Given information.
=-=-=-=-=

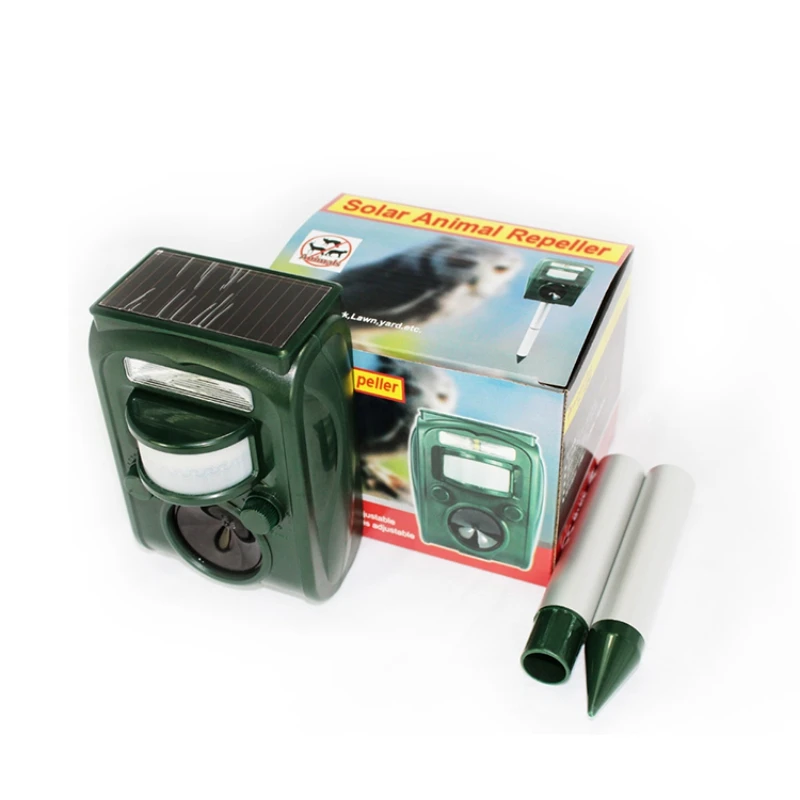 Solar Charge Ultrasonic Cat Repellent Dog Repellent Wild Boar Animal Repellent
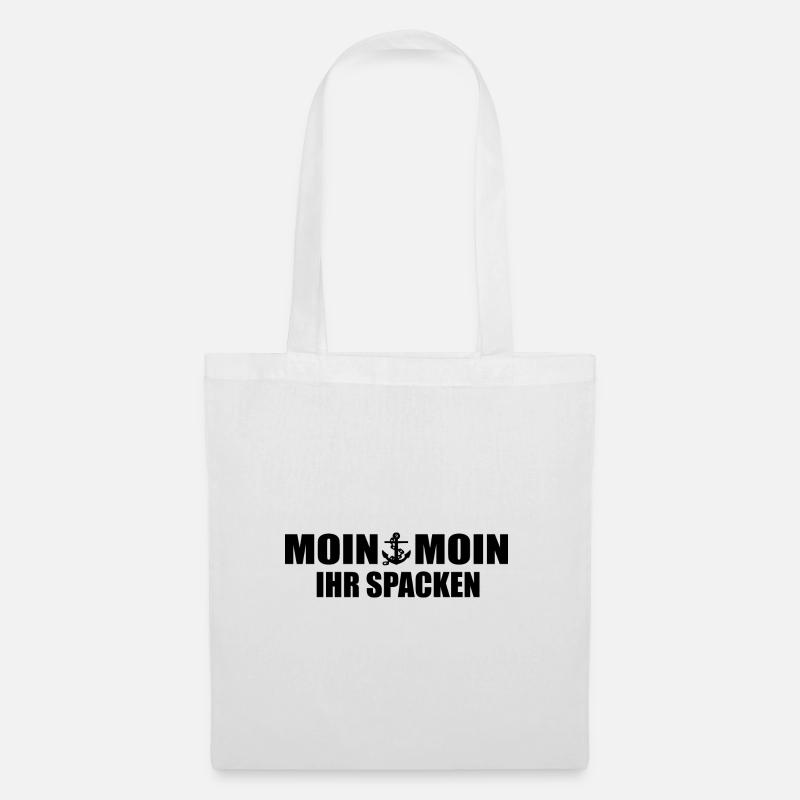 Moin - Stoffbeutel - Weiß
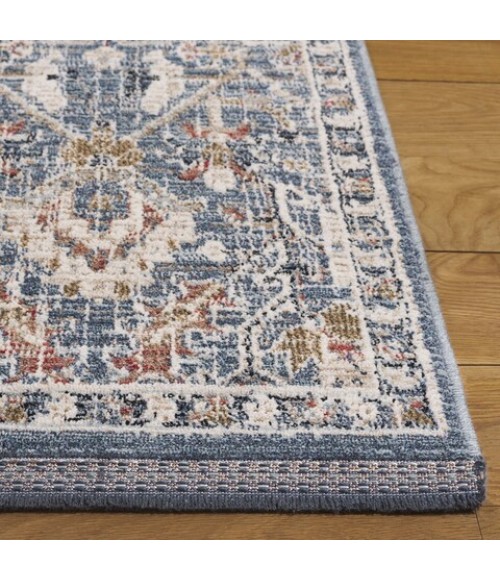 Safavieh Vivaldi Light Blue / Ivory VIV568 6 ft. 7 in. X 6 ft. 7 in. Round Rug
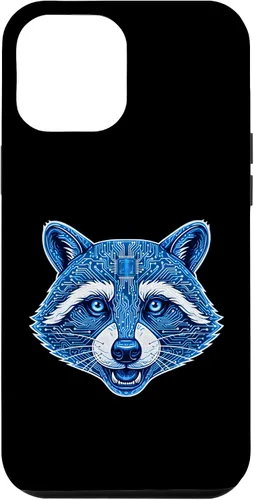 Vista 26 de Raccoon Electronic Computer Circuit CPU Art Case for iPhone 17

=-=-=-=-=

What you need to do. Beginning with the line in which "Safavieh Vivaldi Light" appears, repeat exactly each line down to the close of the material, leaving every picture out.

Answer to this task.
 Safavieh Vivaldi Light Blue / Ivory VIV568 6 ft. 7 in. X 6 ft. 7 in. Round Rug
 Vista 26 de Raccoon Electronic Computer Circuit CPU Art Case for iPhone 17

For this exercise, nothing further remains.